When the May Day marches took San Jose by storm in 2006 as the largest political demonstration in the city’s history, Reyes saw it all firsthand. “A lot was happening in the country,” he says, recounting his high school years. “This [was] the beginning [of when] a lot of people were coming out as undocumented…they [would] go on TV, tell their stories, then they get pixelated, or they alter their voices.” He was particularly compelled by the younger people galvanizing the movement, coming together to amplify their stories in solidarity.
Reyes’s first collection of poetry, For Colored Boys Who Speak Softly, published in 2009 with the support of musical legend Carlos Santana, serves as an archive of this emotionally charged period in Reyes’s life. And while he admits the collection would be received differently now due to its outdated language, publishing it ultimately convinced him to pursue his passion as a storyteller.
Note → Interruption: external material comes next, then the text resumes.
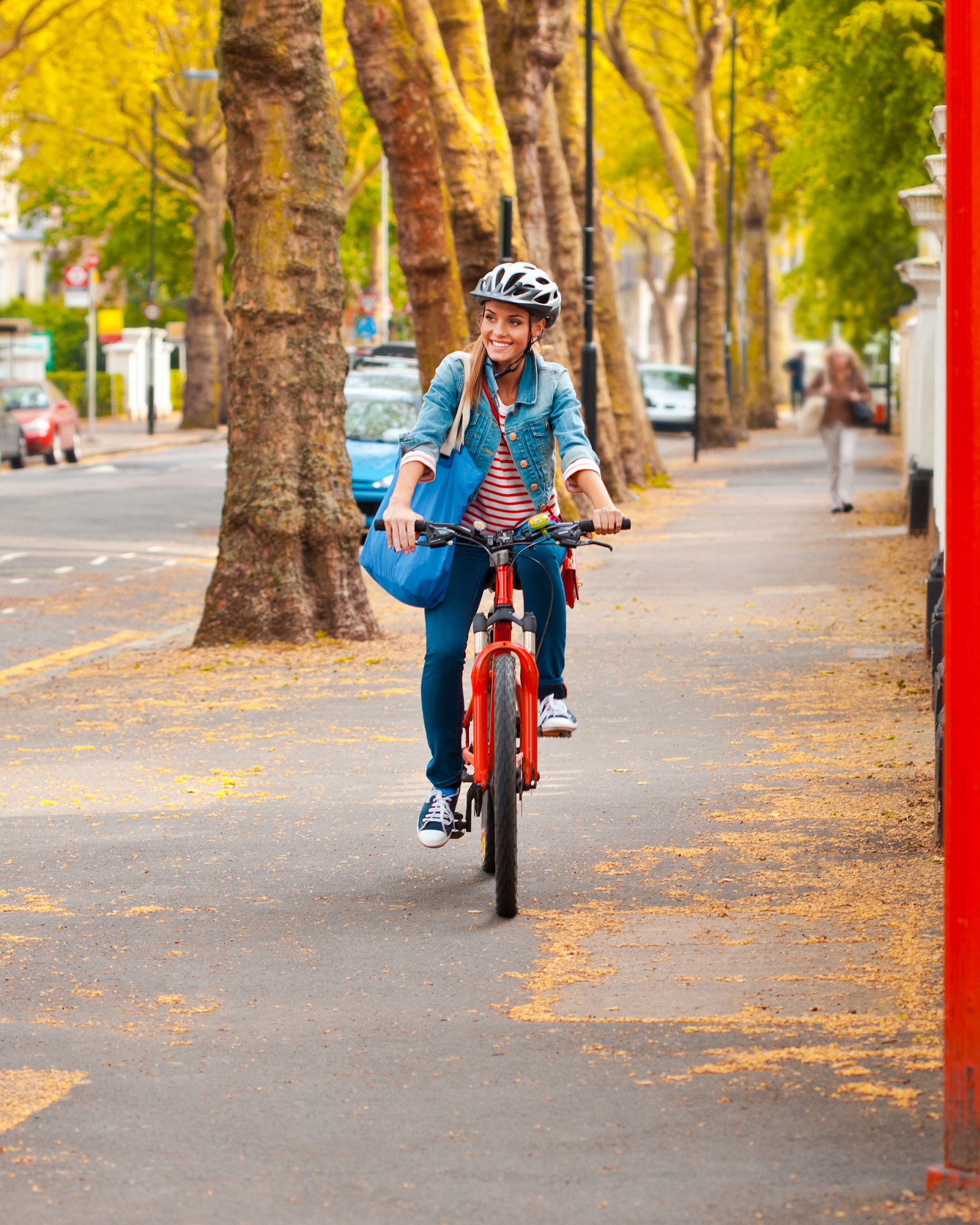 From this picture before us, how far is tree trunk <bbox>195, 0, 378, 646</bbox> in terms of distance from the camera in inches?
511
In the beginning, Reyes didn’t mind being called an “undocumented writer,” but as he got older, he felt the need for distinction. “My work, yes, deals with that theme but it’s more about a human element,” he states. “I always tell people, I’m a writer that happens to be undocumented. That informs the work, but it does not define how I view myself.”
When Reyes was confronted with the pandemic, he chose to pivot from his career in LA and move back home to San Jose to be with his grandmother. Among his many projects since then, Reyes takes extra pride in the creation of the Yosi Book Club in 2020, promoting a variety of Latinx authors and the premiere of his renowned one-man show Prieto in 2022—an adaptation of Reyes’s own coming-of-age story in the Bay. For him, the writing process for all his work, including Prieto, is intimate and cathartic. “What I’m living is what I’m writing,” he says. “It forces me to be a little more honest and confront things that I don’t want to.”
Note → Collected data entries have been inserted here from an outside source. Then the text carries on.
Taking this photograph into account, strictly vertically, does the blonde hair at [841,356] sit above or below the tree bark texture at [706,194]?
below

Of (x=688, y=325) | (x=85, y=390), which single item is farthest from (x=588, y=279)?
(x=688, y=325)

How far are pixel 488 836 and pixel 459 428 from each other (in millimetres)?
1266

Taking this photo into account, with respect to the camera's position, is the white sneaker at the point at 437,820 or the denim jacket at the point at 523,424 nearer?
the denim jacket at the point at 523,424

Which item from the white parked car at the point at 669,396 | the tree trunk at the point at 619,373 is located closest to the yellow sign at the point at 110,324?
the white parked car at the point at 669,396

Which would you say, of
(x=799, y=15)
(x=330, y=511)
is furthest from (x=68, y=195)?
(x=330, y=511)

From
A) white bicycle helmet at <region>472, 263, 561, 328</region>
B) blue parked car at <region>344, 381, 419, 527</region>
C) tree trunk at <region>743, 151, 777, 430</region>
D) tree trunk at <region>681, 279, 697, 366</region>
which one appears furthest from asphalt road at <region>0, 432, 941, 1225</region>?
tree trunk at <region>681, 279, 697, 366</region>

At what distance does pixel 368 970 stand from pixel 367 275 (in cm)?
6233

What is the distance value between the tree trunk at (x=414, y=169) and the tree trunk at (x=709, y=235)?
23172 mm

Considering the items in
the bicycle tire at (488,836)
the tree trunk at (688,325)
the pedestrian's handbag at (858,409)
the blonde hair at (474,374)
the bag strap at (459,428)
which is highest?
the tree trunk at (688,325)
When he leads his creative writing workshops, it can be especially nuanced for Reyes. “I work with a lot of college engagement, first generation college students. Most of the students have left their families [so] I think that’s why we connect,” Reyes explains. He recognizes a familiar resilience in his students—a desire for economic stability that could potentially trickle down and help their family, which Reyes knows all too well. “They know this [part’s] temporary and it’s gonna pay off in the long run. We want to thrive, we don’t want to [just] survive.”
Wherever Reyes is involved, it is guaranteed that he will be outspoken and authentic, willing to share the spotlight with anyone with a story to tell. Undoubtedly, Reyes will bring this and more as he sets the stage as MACLA’s newest addition. He additionally anticipates Prieto on tour this fall, premiering in Chicago and Miami.